▸ What the exercise asks: Output the data in full. Keep every entry exactly as written.

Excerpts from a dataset
"""

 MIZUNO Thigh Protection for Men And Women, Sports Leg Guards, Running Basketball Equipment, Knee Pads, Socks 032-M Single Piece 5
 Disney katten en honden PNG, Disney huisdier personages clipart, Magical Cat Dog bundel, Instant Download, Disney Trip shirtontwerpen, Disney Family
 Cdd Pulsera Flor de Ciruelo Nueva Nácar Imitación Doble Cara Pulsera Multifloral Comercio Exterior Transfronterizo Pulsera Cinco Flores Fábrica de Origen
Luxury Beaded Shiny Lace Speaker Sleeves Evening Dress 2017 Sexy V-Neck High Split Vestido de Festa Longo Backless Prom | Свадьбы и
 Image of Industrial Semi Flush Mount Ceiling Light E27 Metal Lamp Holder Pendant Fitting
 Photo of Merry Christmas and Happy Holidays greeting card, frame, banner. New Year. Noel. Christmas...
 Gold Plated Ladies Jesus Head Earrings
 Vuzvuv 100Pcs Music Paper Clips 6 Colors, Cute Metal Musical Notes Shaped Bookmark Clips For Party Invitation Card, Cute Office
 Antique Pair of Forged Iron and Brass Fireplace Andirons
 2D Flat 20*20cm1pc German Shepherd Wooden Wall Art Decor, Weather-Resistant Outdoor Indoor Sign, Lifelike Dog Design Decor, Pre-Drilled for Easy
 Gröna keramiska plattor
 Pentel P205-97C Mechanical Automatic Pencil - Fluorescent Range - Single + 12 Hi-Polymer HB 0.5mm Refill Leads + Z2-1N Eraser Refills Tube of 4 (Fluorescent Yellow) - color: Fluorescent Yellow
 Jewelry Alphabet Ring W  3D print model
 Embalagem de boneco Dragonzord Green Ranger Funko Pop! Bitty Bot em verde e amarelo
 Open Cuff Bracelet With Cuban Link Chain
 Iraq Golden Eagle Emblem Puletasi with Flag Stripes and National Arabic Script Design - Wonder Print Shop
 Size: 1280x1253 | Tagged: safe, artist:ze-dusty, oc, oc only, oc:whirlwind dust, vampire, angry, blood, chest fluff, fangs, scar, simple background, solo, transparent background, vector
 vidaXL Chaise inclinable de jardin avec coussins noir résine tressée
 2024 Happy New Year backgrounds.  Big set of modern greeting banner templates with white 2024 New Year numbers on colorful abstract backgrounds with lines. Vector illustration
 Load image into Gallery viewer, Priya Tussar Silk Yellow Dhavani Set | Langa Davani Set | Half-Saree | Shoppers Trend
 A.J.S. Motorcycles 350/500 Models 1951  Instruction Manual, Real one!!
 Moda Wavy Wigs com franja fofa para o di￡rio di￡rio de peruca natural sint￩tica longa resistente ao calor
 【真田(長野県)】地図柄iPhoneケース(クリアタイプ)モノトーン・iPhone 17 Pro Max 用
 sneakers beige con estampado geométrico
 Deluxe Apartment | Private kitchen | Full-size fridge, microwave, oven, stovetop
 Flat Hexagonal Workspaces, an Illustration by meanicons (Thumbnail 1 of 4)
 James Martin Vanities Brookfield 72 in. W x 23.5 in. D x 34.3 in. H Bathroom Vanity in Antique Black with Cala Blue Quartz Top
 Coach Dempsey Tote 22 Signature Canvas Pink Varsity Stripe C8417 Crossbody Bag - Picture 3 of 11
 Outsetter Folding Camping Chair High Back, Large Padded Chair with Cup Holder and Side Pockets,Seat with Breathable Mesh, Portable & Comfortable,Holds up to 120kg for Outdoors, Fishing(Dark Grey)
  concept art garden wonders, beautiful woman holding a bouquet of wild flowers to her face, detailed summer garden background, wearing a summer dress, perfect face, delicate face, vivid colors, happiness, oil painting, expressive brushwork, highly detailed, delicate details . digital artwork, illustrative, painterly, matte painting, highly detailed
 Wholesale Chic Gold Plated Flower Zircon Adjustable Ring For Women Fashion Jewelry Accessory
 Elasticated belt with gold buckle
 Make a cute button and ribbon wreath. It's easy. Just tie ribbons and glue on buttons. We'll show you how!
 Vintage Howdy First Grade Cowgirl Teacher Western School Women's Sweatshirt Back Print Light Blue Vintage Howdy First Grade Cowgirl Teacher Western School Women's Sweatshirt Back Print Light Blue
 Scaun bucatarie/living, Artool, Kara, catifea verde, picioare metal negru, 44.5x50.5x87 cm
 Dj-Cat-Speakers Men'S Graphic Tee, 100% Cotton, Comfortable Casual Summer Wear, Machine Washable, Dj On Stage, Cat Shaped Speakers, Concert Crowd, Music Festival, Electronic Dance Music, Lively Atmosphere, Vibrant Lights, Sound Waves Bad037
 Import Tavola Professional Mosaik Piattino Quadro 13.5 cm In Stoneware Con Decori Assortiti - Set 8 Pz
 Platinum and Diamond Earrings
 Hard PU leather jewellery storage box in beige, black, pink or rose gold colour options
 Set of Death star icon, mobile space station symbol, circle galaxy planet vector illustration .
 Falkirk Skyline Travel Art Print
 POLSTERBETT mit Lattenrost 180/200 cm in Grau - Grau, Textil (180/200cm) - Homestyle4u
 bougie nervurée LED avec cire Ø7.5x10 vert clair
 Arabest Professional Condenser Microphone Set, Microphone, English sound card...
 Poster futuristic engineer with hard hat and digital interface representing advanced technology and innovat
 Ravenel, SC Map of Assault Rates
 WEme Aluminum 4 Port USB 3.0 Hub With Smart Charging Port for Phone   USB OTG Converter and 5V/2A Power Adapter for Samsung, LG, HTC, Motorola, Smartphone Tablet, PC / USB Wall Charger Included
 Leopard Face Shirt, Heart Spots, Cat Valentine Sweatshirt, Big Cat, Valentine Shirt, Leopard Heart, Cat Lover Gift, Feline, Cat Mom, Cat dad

"""

▸ Answer space:
 MIZUNO Thigh Protection for Men And Women, Sports Leg Guards, Running Basketball Equipment, Knee Pads, Socks 032-M Single Piece 5
 Disney katten en honden PNG, Disney huisdier personages clipart, Magical Cat Dog bundel, Instant Download, Disney Trip shirtontwerpen, Disney Family
 Cdd Pulsera Flor de Ciruelo Nueva Nácar Imitación Doble Cara Pulsera Multifloral Comercio Exterior Transfronterizo Pulsera Cinco Flores Fábrica de Origen
Luxury Beaded Shiny Lace Speaker Sleeves Evening Dress 2017 Sexy V-Neck High Split Vestido de Festa Longo Backless Prom | Свадьбы и
 Image of Industrial Semi Flush Mount Ceiling Light E27 Metal Lamp Holder Pendant Fitting
 Photo of Merry Christmas and Happy Holidays greeting card, frame, banner. New Year. Noel. Christmas...
 Gold Plated Ladies Jesus Head Earrings
 Vuzvuv 100Pcs Music Paper Clips 6 Colors, Cute Metal Musical Notes Shaped Bookmark Clips For Party Invitation Card, Cute Office
 Antique Pair of Forged Iron and Brass Fireplace Andirons
 2D Flat 20*20cm1pc German Shepherd Wooden Wall Art Decor, Weather-Resistant Outdoor Indoor Sign, Lifelike Dog Design Decor, Pre-Drilled for Easy
 Gröna keramiska plattor
 Pentel P205-97C Mechanical Automatic Pencil - Fluorescent Range - Single + 12 Hi-Polymer HB 0.5mm Refill Leads + Z2-1N Eraser Refills Tube of 4 (Fluorescent Yellow) - color: Fluorescent Yellow
 Jewelry Alphabet Ring W  3D print model
 Embalagem de boneco Dragonzord Green Ranger Funko Pop! Bitty Bot em verde e amarelo
 Open Cuff Bracelet With Cuban Link Chain
 Iraq Golden Eagle Emblem Puletasi with Flag Stripes and National Arabic Script Design - Wonder Print Shop
 Size: 1280x1253 | Tagged: safe, artist:ze-dusty, oc, oc only, oc:whirlwind dust, vampire, angry, blood, chest fluff, fangs, scar, simple background, solo, transparent background, vector
 vidaXL Chaise inclinable de jardin avec coussins noir résine tressée
 2024 Happy New Year backgrounds.  Big set of modern greeting banner templates with white 2024 New Year numbers on colorful abstract backgrounds with lines. Vector illustration
 Load image into Gallery viewer, Priya Tussar Silk Yellow Dhavani Set | Langa Davani Set | Half-Saree | Shoppers Trend
 A.J.S. Motorcycles 350/500 Models 1951  Instruction Manual, Real one!!
 Moda Wavy Wigs com franja fofa para o di￡rio di￡rio de peruca natural sint￩tica longa resistente ao calor
 【真田(長野県)】地図柄iPhoneケース(クリアタイプ)モノトーン・iPhone 17 Pro Max 用
 sneakers beige con estampado geométrico
 Deluxe Apartment | Private kitchen | Full-size fridge, microwave, oven, stovetop
 Flat Hexagonal Workspaces, an Illustration by meanicons (Thumbnail 1 of 4)
 James Martin Vanities Brookfield 72 in. W x 23.5 in. D x 34.3 in. H Bathroom Vanity in Antique Black with Cala Blue Quartz Top
 Coach Dempsey Tote 22 Signature Canvas Pink Varsity Stripe C8417 Crossbody Bag - Picture 3 of 11
 Outsetter Folding Camping Chair High Back, Large Padded Chair with Cup Holder and Side Pockets,Seat with Breathable Mesh, Portable & Comfortable,Holds up to 120kg for Outdoors, Fishing(Dark Grey)
  concept art garden wonders, beautiful woman holding a bouquet of wild flowers to her face, detailed summer garden background, wearing a summer dress, perfect face, delicate face, vivid colors, happiness, oil painting, expressive brushwork, highly detailed, delicate details . digital artwork, illustrative, painterly, matte painting, highly detailed
 Wholesale Chic Gold Plated Flower Zircon Adjustable Ring For Women Fashion Jewelry Accessory
 Elasticated belt with gold buckle
 Make a cute button and ribbon wreath. It's easy. Just tie ribbons and glue on buttons. We'll show you how!
 Vintage Howdy First Grade Cowgirl Teacher Western School Women's Sweatshirt Back Print Light Blue Vintage Howdy First Grade Cowgirl Teacher Western School Women's Sweatshirt Back Print Light Blue
 Scaun bucatarie/living, Artool, Kara, catifea verde, picioare metal negru, 44.5x50.5x87 cm
 Dj-Cat-Speakers Men'S Graphic Tee, 100% Cotton, Comfortable Casual Summer Wear, Machine Washable, Dj On Stage, Cat Shaped Speakers, Concert Crowd, Music Festival, Electronic Dance Music, Lively Atmosphere, Vibrant Lights, Sound Waves Bad037
 Import Tavola Professional Mosaik Piattino Quadro 13.5 cm In Stoneware Con Decori Assortiti - Set 8 Pz
 Platinum and Diamond Earrings
 Hard PU leather jewellery storage box in beige, black, pink or rose gold colour options
 Set of Death star icon, mobile space station symbol, circle galaxy planet vector illustration .
 Falkirk Skyline Travel Art Print
 POLSTERBETT mit Lattenrost 180/200 cm in Grau - Grau, Textil (180/200cm) - Homestyle4u
 bougie nervurée LED avec cire Ø7.5x10 vert clair
 Arabest Professional Condenser Microphone Set, Microphone, English sound card...
 Poster futuristic engineer with hard hat and digital interface representing advanced technology and innovat
 Ravenel, SC Map of Assault Rates
 WEme Aluminum 4 Port USB 3.0 Hub With Smart Charging Port for Phone   USB OTG Converter and 5V/2A Power Adapter for Samsung, LG, HTC, Motorola, Smartphone Tablet, PC / USB Wall Charger Included
 Leopard Face Shirt, Heart Spots, Cat Valentine Sweatshirt, Big Cat, Valentine Shirt, Leopard Heart, Cat Lover Gift, Feline, Cat Mom, Cat dad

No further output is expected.